Перед рассветом на каком-то полустанке пахла черная земля, похожая на кору дуба, пели жаворонки и зеленели озими. Бабы продавали в крынках молоко, и девочки, замотанные, как куклы, подымали к окнам вагона корзины с плациндами и пачки с махоркой, похожей на навоз. Потом поезд гнали дальше, и к полудню, задыхаясь, как загнанная лошадь, визжащий, гремящий, потный, красный, он влетел на станцию, где почему-то долго стоял, и опять никто не знал, почему он долго стоит и когда он тронется дальше. На станции и вокруг станции было пустынно, страшно тихо, незаметно было ни шума и движения вагонов, ни маневрирования поездов. Команда подождала пять минут, потом десять, потом час… и постепенно стала расходиться по путям, по стрелкам в железнодорожный поселок. Вокруг становилось все тише и тише, и полковник вышел из вагона и прошел в телеграфную контору, где долго просидел за телеграфным аппаратом, собственноручно что-то выстукивал и внимательно прочитывал ленту, длинной белой стружкой выползавшую из колеса.

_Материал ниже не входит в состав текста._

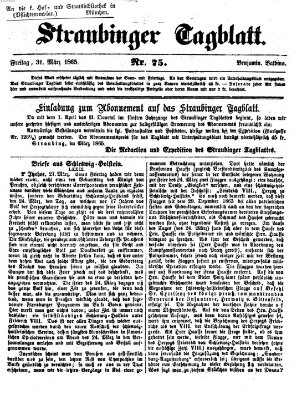 Straubinger Tagblatt Freitag 31. März 1865
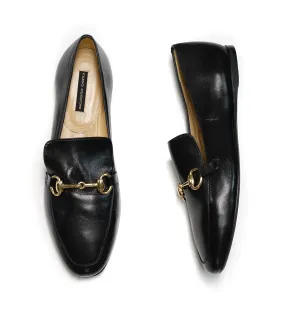 Fabio Rusconi Women's Black Leather with Gold Buckle Shoe F5072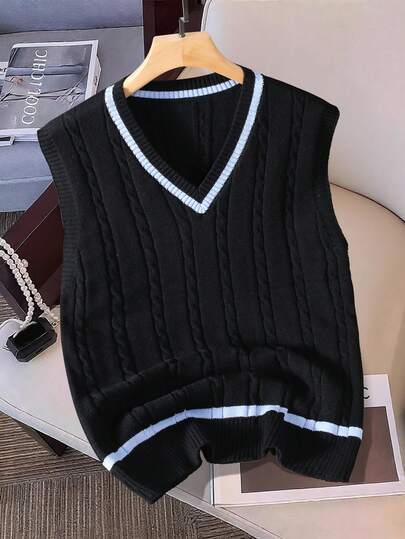 Claim Dot 男士休闲学院风撞色条纹 V 领宽松麻花针织毛衣背心，秋冬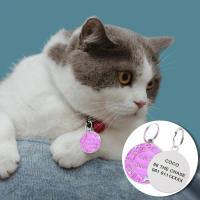 DLGIFJIE Tag ID Anjing Percuma Ukiran, Tag ID Kucing/Anak Anjing Tersuai, Aksesori Kalung Anjing, Ta
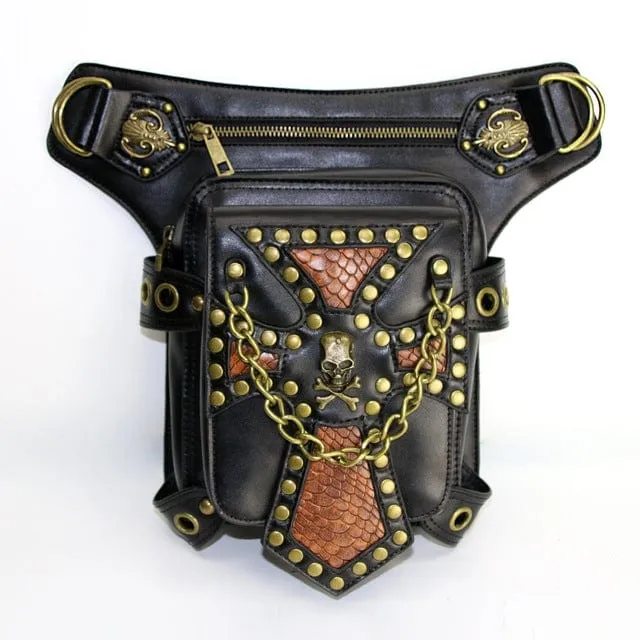 Steampunk Double Color Chained Motorcycle Bag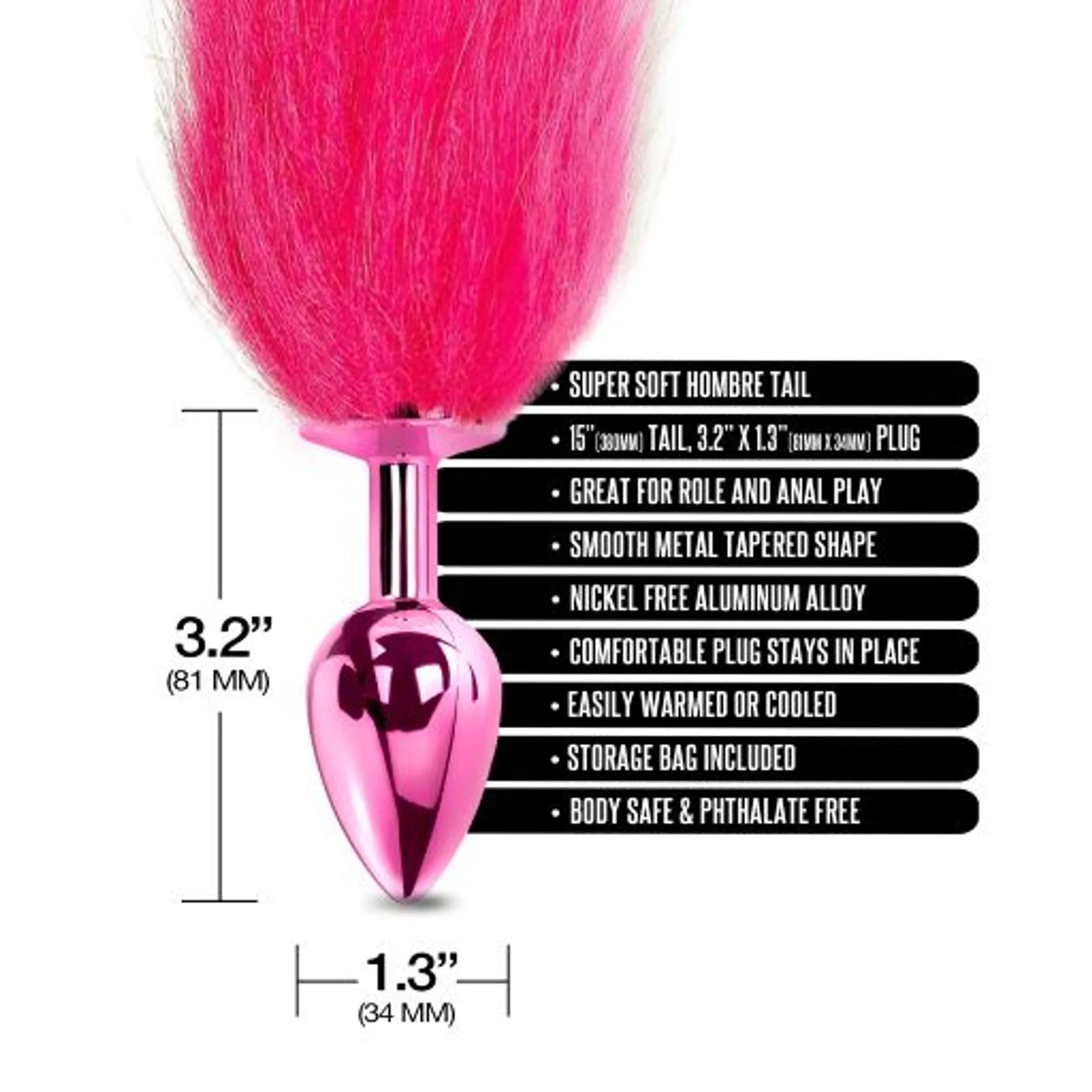 Metal Plug with Ombre Tail Medium Pink Metallic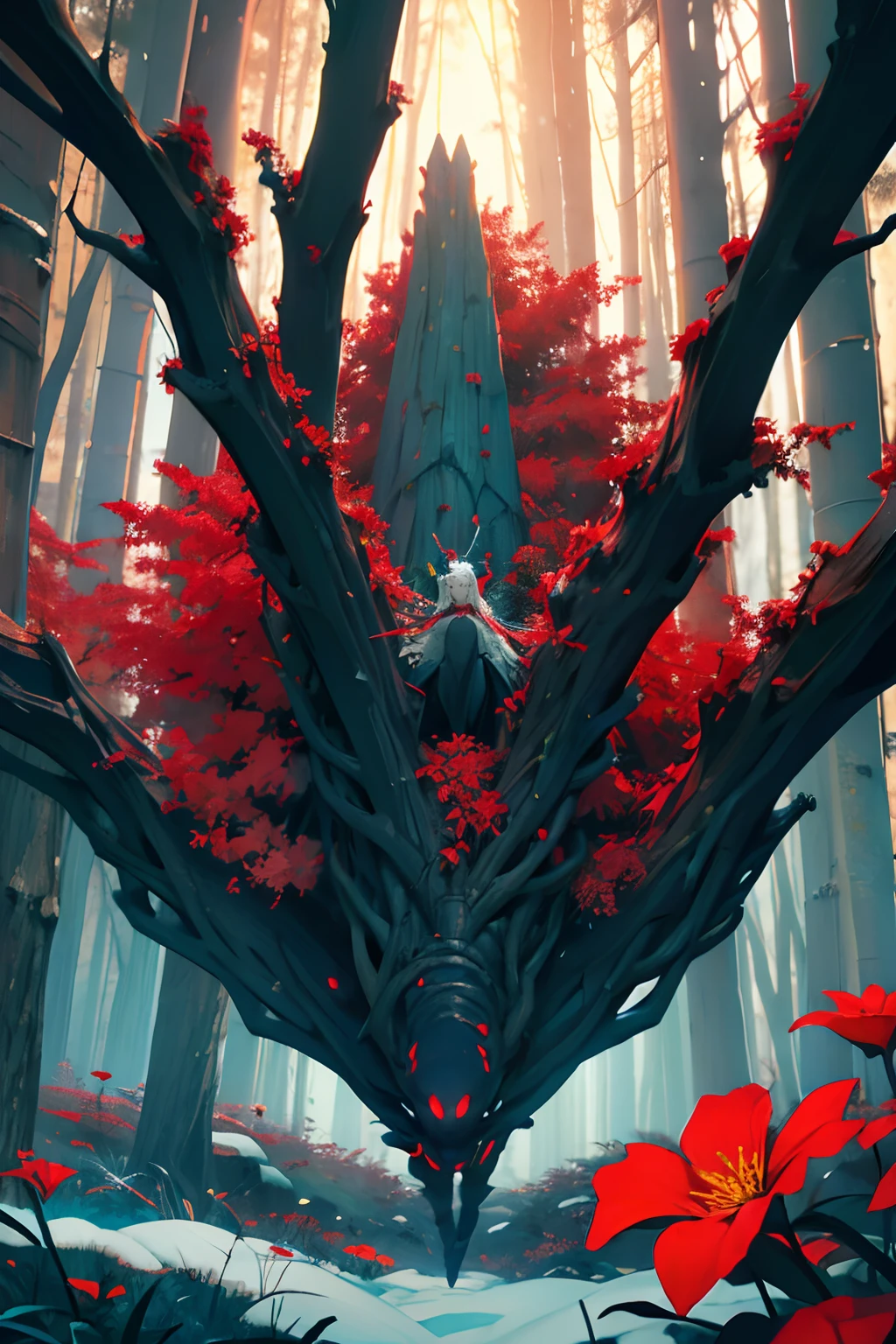 Slavic folklore evil creature with long arms, floating above the ground. In a dark pine forest, winter, red flowers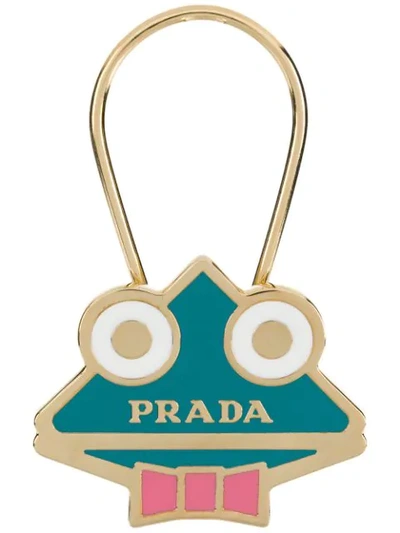 Shop Prada Triangle Logo Keychain - Metallic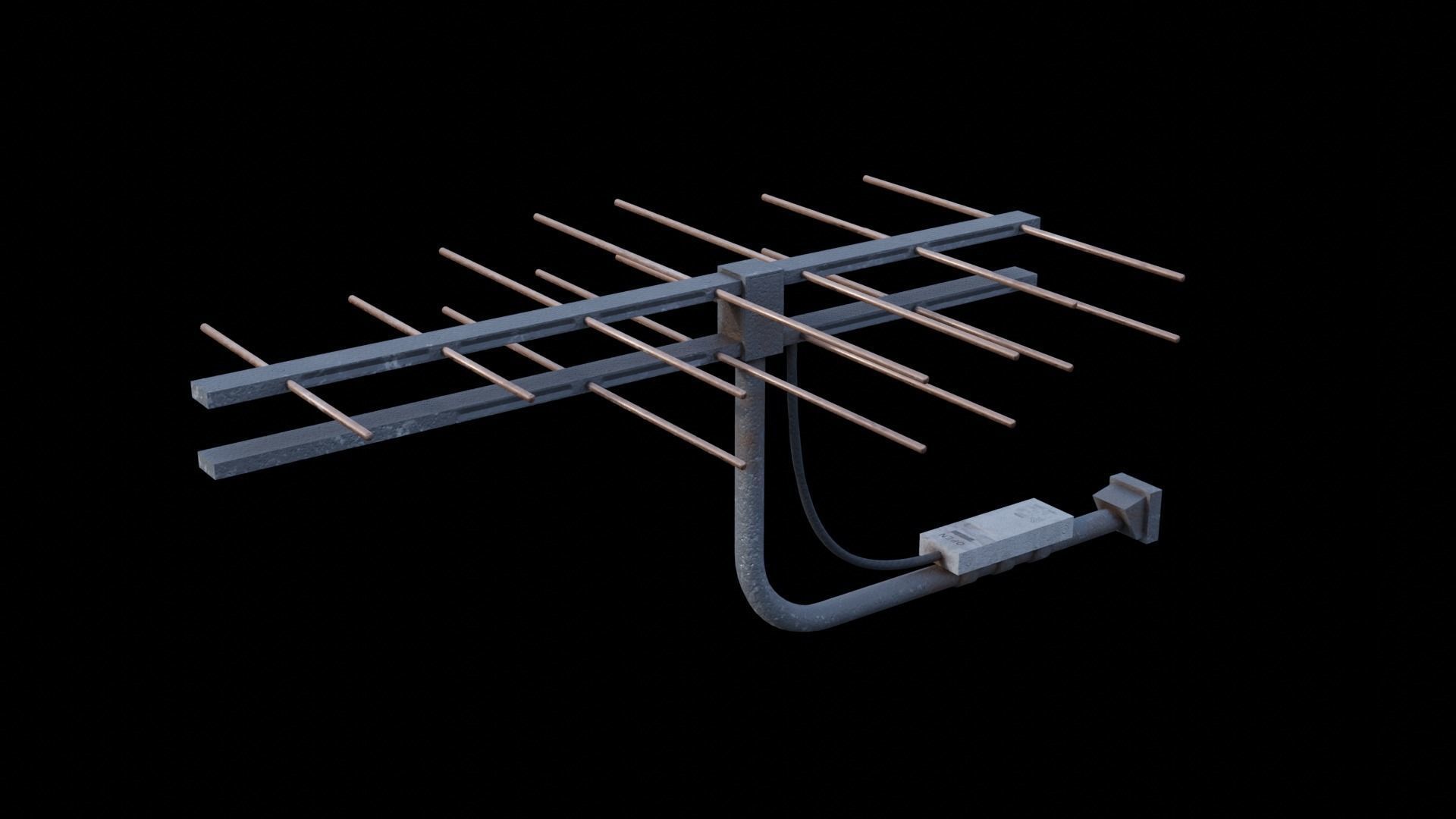 Scifi Small Antenna and Radio Dish Pack Low-poly 3D model_6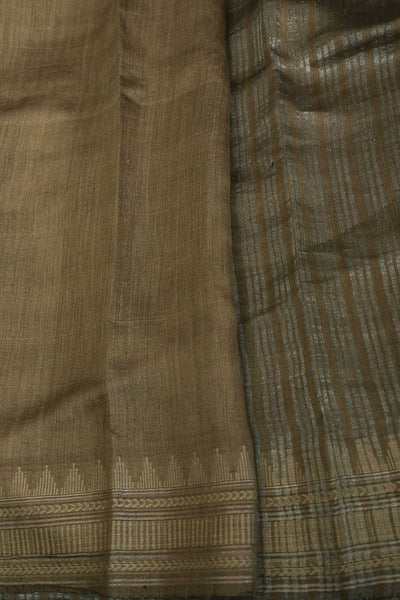 Silver Zari Stripe Handwoven Tussar saree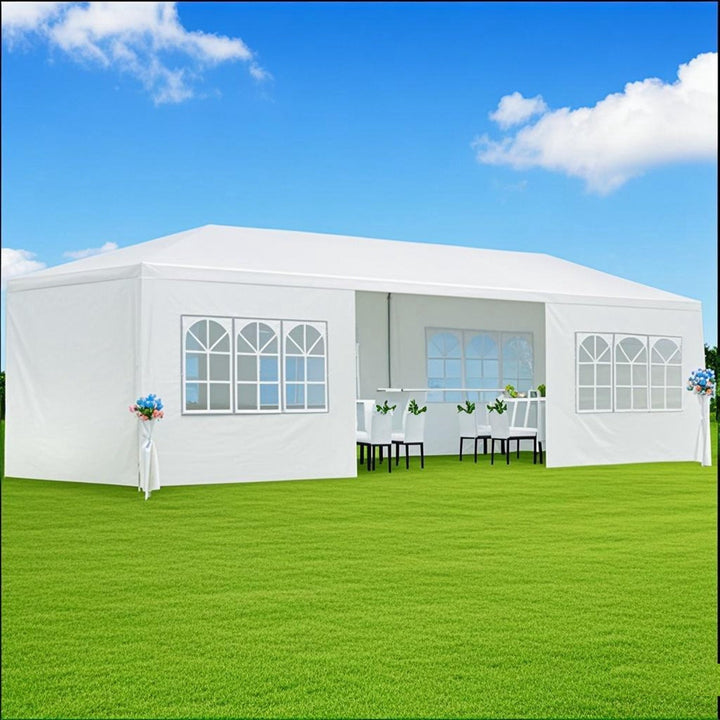 White outdoor canopy tent with windowed side panels and open entrance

Потом он быстро встал и, выйдя на перрон, гаркнул: «Прислуга, по местам!» – и велел отцепить бронепоезд от эшелона.
И только теперь все услышали те звуки, на которые никто раньше не обращал внимания и от которых вокруг было очень тихо. Это было легкое, звонкое и странное погромыхивание, похожее на удары пара, быстро вырывающегося из клапана. Через минуту поручик с биноклем кошкой карабкался на семафор, рвя перчатки и цепляясь шпорами за ступеньки лестницы. Потом произошел какой-то переполох, и капитан, командир поезда, вывел из железнодорожного поселка белого и черного машиниста. Он держал револьвер, направленный в его затылок, и кричал: «Дезертир, сволочь, расстрелять!» – и в следующую секунду спереди, оттуда, где слышались странные звуки, вылетело что-то невидимое, легкое и чуждое тому, что было вокруг.
Обдало ветром, резнуло, свистнуло, и прапорщик Чабан, надевавший штаны за полотном, видел, как из станционной крыши повалил черный дым и полетели щепки. За первой гранатой просвистали вторая и третья. Пехотинцы, приехавшие эшелоном, рассыпались в цепь. Лошади кавалеристов падали и ломали ноги. Казачий взвод, выехавший с правого фланга, был смят. Сотни людей, бегавших взад и вперед перед вагонами, под вагонами и за вагонами, кричали на разные голоса, и на станции стоял пчелиный гул, но тех, которые наступали, еще не было видно, и от этого было еще страшнее.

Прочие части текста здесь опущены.